Maximillian William, London, is pleased to present Sensibilities, an exhibition of works by Melvin Edwards, David Hammons, Magdalene Odundo, and Reginald Sylvester II. Through experimentation each artist continually processes, refines, and kicks about their formal language, eschewing an entrapment of style in favour of a feeling, an attitude, an indelible sensibility.
The exhibition emerged from a talk by Reginald Sylvester II at the Kemper Museum of Contemporary Art in March of 2023. Sylvester noted that his “favourite artists are those that don’t have a style, they have a sensibility”. He explained, “I want to have a sensibility rather than a style because then I can continue to search.” The three artists presented alongside Sylvester never affix themselves to a mode, instead, they develop an instantly recognisable vernacular across forms.
Dame Magdalene Odundo’s lexicon is informed by a deep knowledge of traditional processes, such as the Gbari method she learned while studying at the Pottery Training Center in Abuja, Nigeria.
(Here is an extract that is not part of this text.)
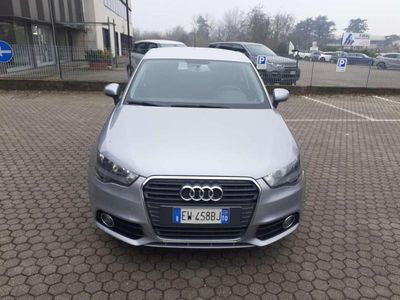 Usata Audi A1 Sportback Attraction 86 CV (63 kW) 2014 Argento Utilitaria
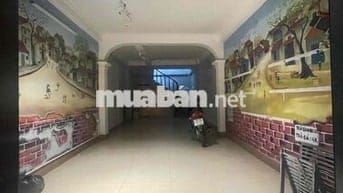 MBKD Đền Lừ 1, cạnh tiểu học và THCS Đền Lừ, nhiều trường mầm non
Built and coiled rather than thrown, and primarily practised by women, this technique is fused with Odundo’s characteristic hand-burnishing to produce a new sculptural language for a timeless medium.
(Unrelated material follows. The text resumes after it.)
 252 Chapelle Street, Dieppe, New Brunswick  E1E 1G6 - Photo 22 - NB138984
A haptic engagement with surfaces is continued in Reginald Sylvester’s new work, T. Part of an ongoing series, the artist manipulates ductile materials such as tarpaulin and rubber to emulate immutable surfaces like aluminium or steel. Combining a painter’s sensibility with a sculptural presence, Sylvester’s large-scale work sustains his interest in the transformative potential of materials.
In Melvin Edwards’ sensitive welding, locks, horseshoes, and chains emerge from amalgamations of otherwise unidentifiable steel elements. These wall reliefs form part of his Lynch Fragment series, illustrating Edwards’ consistent interest in African-American history and his experience growing up in a segregated United States in the 50s and 60s. Edwards’ masterful metalwork interrogates both emblems of brutality and the poetic affect of abstraction.
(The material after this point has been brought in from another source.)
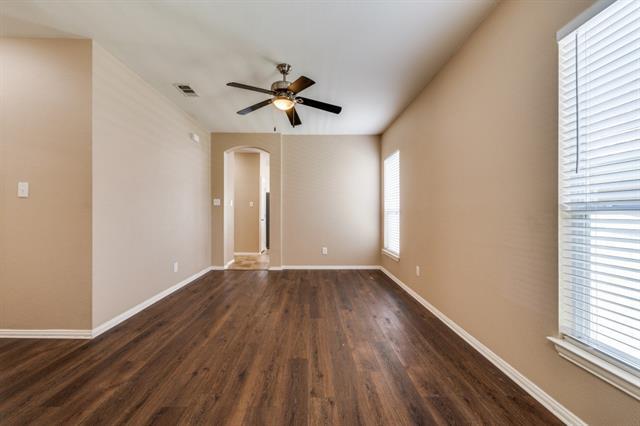 Foto del edificio - 1345 Portsmouth Dr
On seeing Edwards’ work at the Whitney Museum of American Art in 1970, David Hammons remarked that it was “the first abstract piece of art that I saw that had cultural value in it for black people… I didn’t think you could make abstract art with a message.” Hammons’ film Phat Free documents a performance from 1995 when the artist kicked a metal bucket through a streetscape. His proclivity for satire, wordplay, and a biting wit have come to define his practice, and in Phat Free David Hammons’ tactics of evasion are present in full.